Dieser entschied nun zugunsten des Polen. Zwar halte er sich auch zur Arbeitssuche in Deutschland auf, ein Leistungsausschluss greife hier aber nicht. Denn sein Aufenthaltsrecht leite sich inzwischen auch vom Schulbesuch seiner Töchter ab. Aus diesem Aufenthaltsrecht erwachse ein Anspruch auf Gleichbehandlung mit Deutschen bei der sozialen Sicherung.
Mit dieser Rechtsprechung erleichtert der EuGH den Umzug von Familien aus beruflichen Gründen in der EU. Es werde verhindert, dass eine solche Familie „dem Risiko ausgesetzt ist, bei Verlust ihrer Beschäftigung den Schulbesuch ihrer Kinder unterbrechen und in ihr Herkunftsland zurückkehren zu müssen“, betonten die Richter.

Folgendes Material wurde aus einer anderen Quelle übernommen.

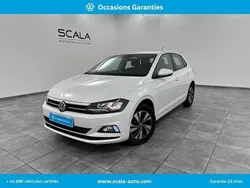 Utilisé 2021 VW Polo LOUNGE | 15 490 € (Prix juste)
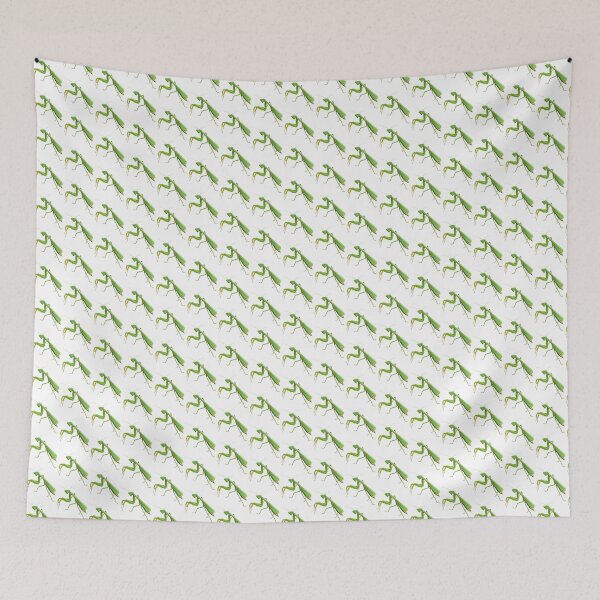 Item preview, Praying Mantis  designed and sold by Deb's Designs.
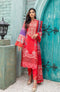 Anum by Al Zohaib Chunri Lawn Collection – ANCL-21-07A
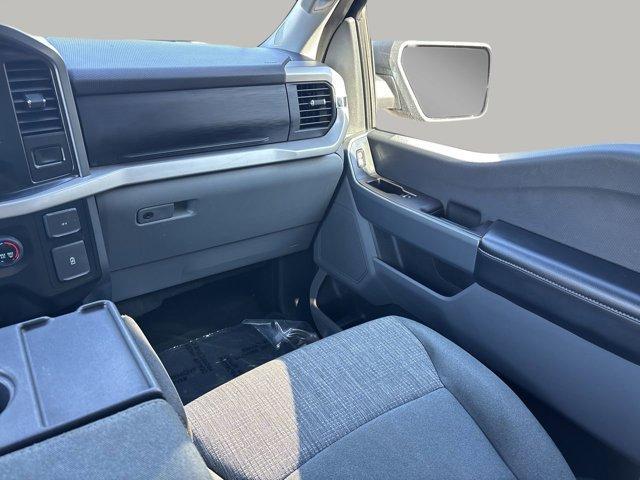 used 2023 Ford F-150 car, priced at $28,198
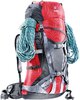 Deuter Guide Tour 45+ fire-titan (33634 0510)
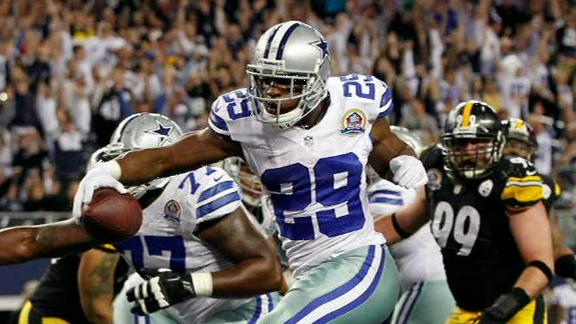 Cowboys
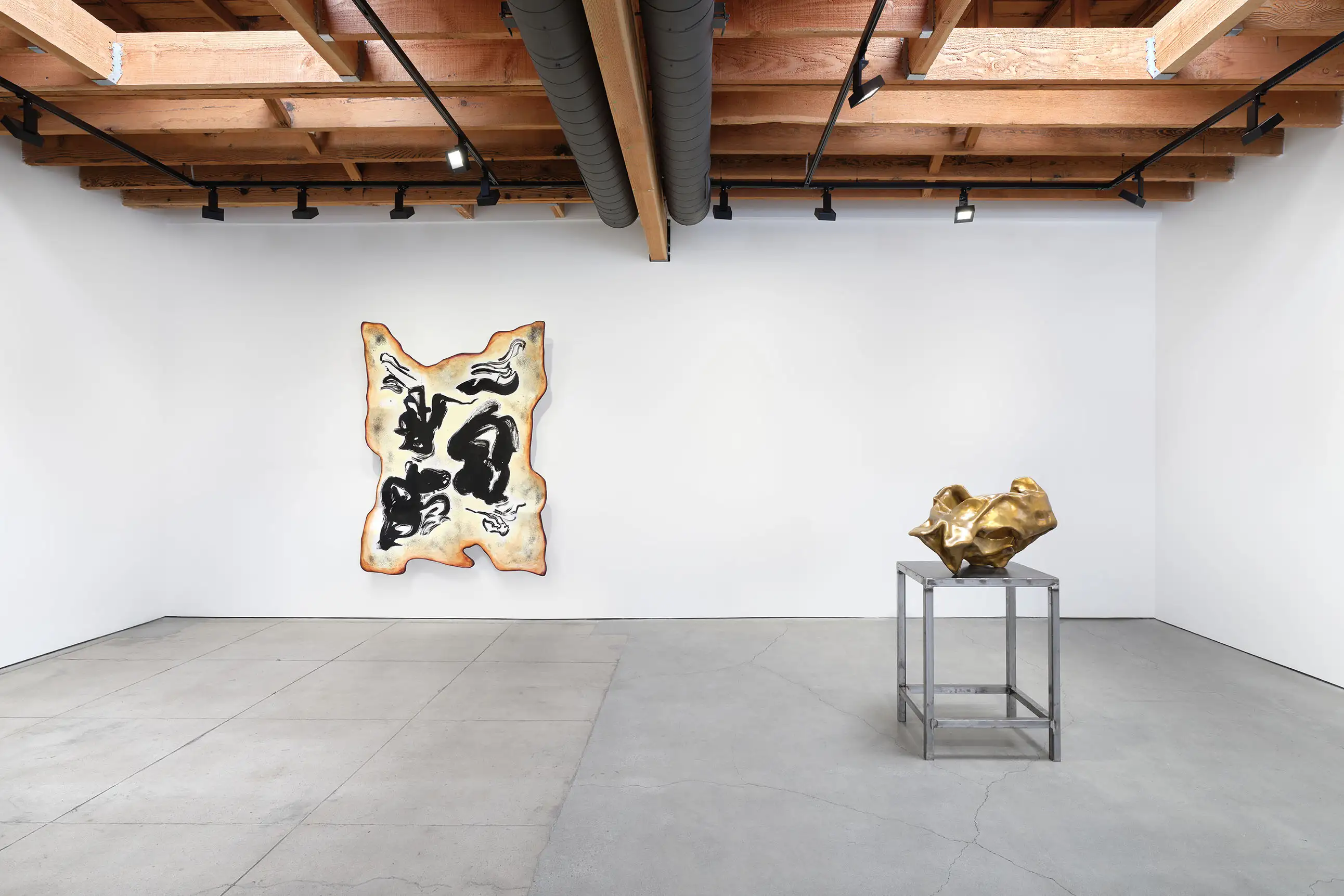 Installation view 2 of 13
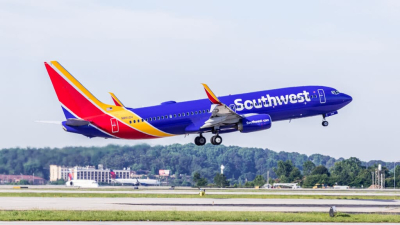 Elliott купил крупную долю в Southwest Airlines и настаивает на изменениях – WSJ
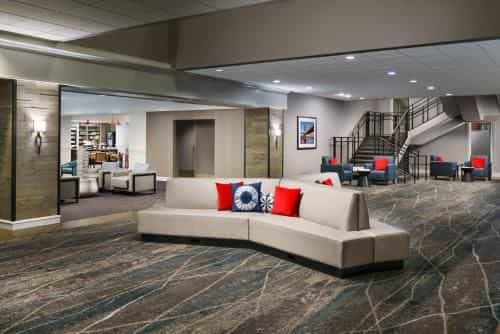 Hotel Caza Fishermans Wharf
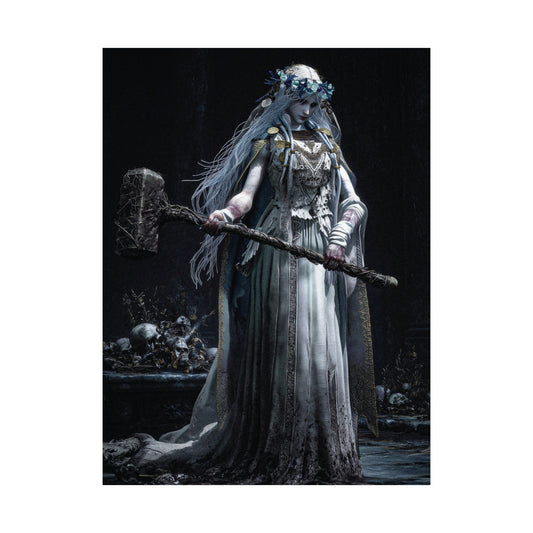 Fearsome Revenant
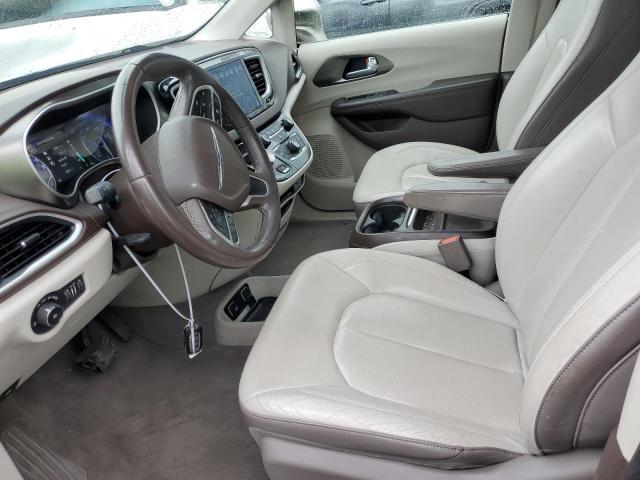 Photo 7 from auction – 2018 CHRYSLER PACIFICA T with VIN 2C4RC1BG4JR269835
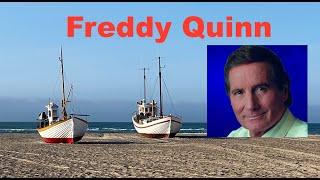 Freddy Quinn - Fischer Kuddel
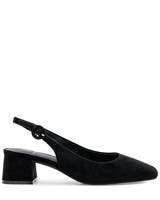 The Monte Svart Pumps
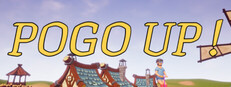 POGO UP ! cover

Experten erwarten keine weitreichenden Auswirkungen. „Es ist sehr unwahrscheinlich, dass das Urteil spürbare Veränderungen von Migrationsströmen auslöst. Der Grundsatz, dass niemand während der Arbeitssuche in Deutschland Transferleistungen wie Hartz IV beziehen kann, wird beibehalten“, sagt Herbert Brücker, Experte am Institut für Arbeitsmarkt- und Berufsforschung.

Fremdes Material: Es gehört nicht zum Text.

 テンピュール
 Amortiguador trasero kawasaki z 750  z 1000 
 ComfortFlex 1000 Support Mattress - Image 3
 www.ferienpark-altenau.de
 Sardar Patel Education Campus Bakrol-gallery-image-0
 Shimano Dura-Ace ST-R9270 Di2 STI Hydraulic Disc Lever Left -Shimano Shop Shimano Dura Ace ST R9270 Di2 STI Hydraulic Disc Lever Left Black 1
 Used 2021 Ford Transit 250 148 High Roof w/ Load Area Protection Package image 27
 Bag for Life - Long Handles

„Es ist sehr wahrscheinlich, dass Migranten aus der EU gegenwärtig mehr in die Sozialsysteme einbezahlen, als sie herausbekommen.“Ihre Beschäftigungsquoten seien nicht sehr viel niedriger als in der deutschen Bevölkerung, aber sehr viel mehr seien im erwerbsfähigen Alter. Das entlaste die Renten-, Kranken- und Pflegeversicherung.
Auch Holger Schäfer vom Institut der deutschen Wirtschaft zeigte sich nicht beunruhigt. „Die Personenfreizügigkeit in der EU ließe sich mit einem vollständig offenen Sozialsystem nicht vereinbaren. Aber es gibt bisher ausreichende Grenzen für die Einwanderung in unser Sozialsystem“, sagte er. „Die überwiegende Zahl der EU-Bürger kommt, um hier zu arbeiten, nicht, um Sozialleistungen zu beziehen.“
Das Urteil sei „eine Ohrfeige für die Bundesregierung“, sagte der sozialpolitische Sprecher der Grünen, Wolfgang Strengmann-Kuhn. „EU-Bürger sowie deren Angehörige, die in Deutschland leben, arbeiten, Arbeit suchen, zur Schule gehen oder in Ausbildung sind, dürfen nicht leichtfertig oder gar pauschal von Sozialleistungen ausgeschlossen werden.“Der FDP-Sozialpolitiker Pascal Kober sah das Problem anderswo: „Die Lösung liegt nicht darin, den Sozialleistungsbezug gegen Kindeswohl auszuspielen, sondern darin, dass die Wiederaufnahme einer Arbeit nicht gelungen ist.“Das Hartz-IV-System müsse reformiert werden.